El Ayuntamiento ha decidido abrir la mano para paliar los perjuicios que los hosteleros sufren debido a la ley antitabaco que prohíbe fumar dentro de los locales. Además de hacer que elementos como barriles y pequeñas mesas de un sólo pie sean consideradas como simples elementos decorativos, el Gobierno local permitirá que sea la asociación de hostelería la que recoja y revise las solicitudes antes de que éstas lleguen al Concello, que la solicitud de los toldos se adjunte junto a la de las terrazas y que los dueños de los negocios tengan que superar menos trámites para conseguir la documentación.
La mayoría de los hosteleros ha recibido con entusiasmo estas medidas y coincide al afirmar que ya tocaba que el Concello hiciera un guiño a su sector. Con la ley antitabaco, para determinados establecimientos, la diferencia entre tener algún tipo de terraza o no tenerla puede ser la misma que hay entre la subsistencia del negocio y el cierre. "Se nota que come más gente en la terraza. Hay gente que, por fumar, aguanta hasta el frío", explica Luis Sousa, empleado del restaurante Gasthof de La Marina, que informa de que en la terraza del establecimiento se han colocado nuevas mesas y estufas.

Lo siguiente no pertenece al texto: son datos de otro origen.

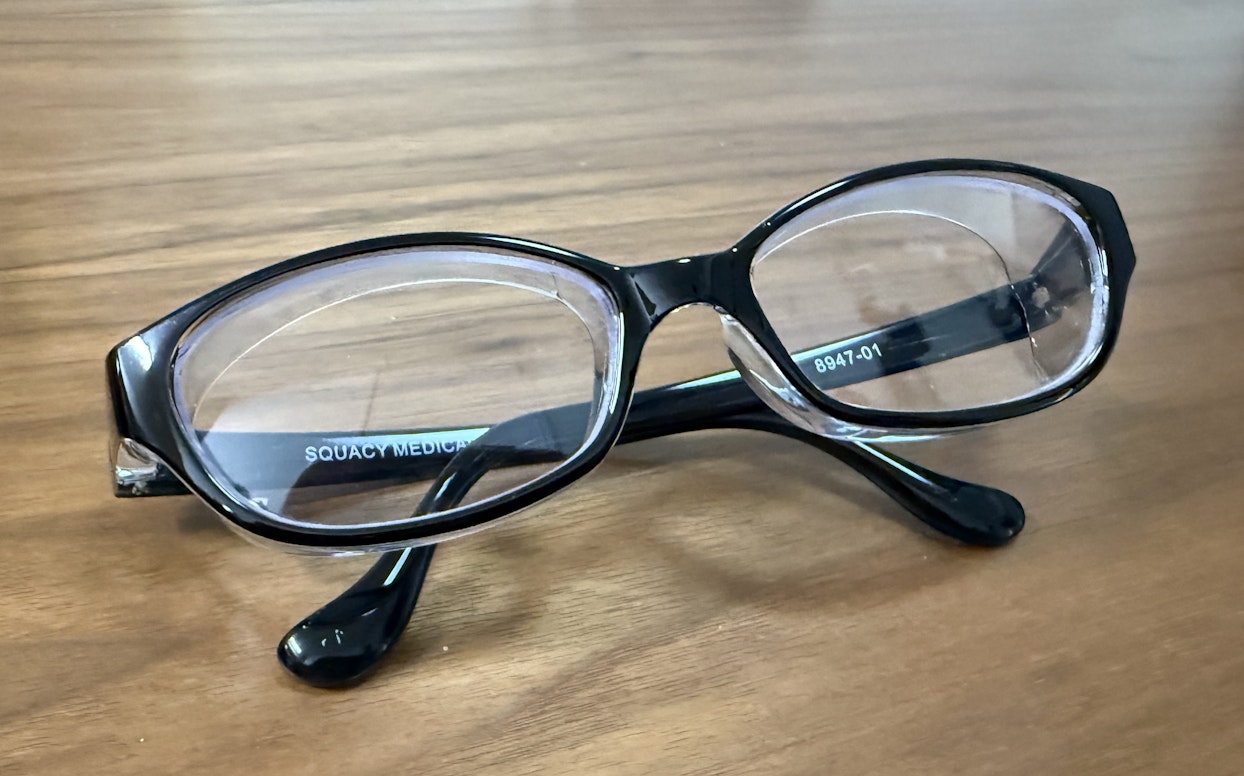  木製のテーブルの上に置かれた黒いフレームのメガネ。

Los hosteleros más pesimistas afirman que, si bien es cierto que las terrazas están más concurridas, lo que se vende en la calle no alcanza para compensar lo que se deja de vender en el interior del local. "Dentro se trabajaba mucho más cuando se fumaba y no todo el mundo está dispuesto a pasar frío", comenta Dolores Vázquez, de la cafetería Sheraton de La Marina, que dice no ser partidaria de poner calefacción en la terraza "porque quema y genera mal olor y gases nocivos".
Aunque los que protestan por la ley antitabaco y reciben con los brazos abiertos las medidas municipales son mayoría, hay un reducido grupo de locales a los que las restricciones al consumo de tabaco les han sentado muy bien: aquellos que ya no dejaban fumar antes de este año y que ahora tienen más gente dentro, porque los que quieren estar a cubierto ya no eligen en función del tabaco, y también fuera, porque las terrazas están más concurridas. "No sólo tenemos más gente fuera, sino que hemos notado un mayor volumen de gente dentro. Los clientes van ahora a aquel sitio que realmente les gusta y no eligen en función de fumar", comenta Cristina Baldomir, del Vecchio.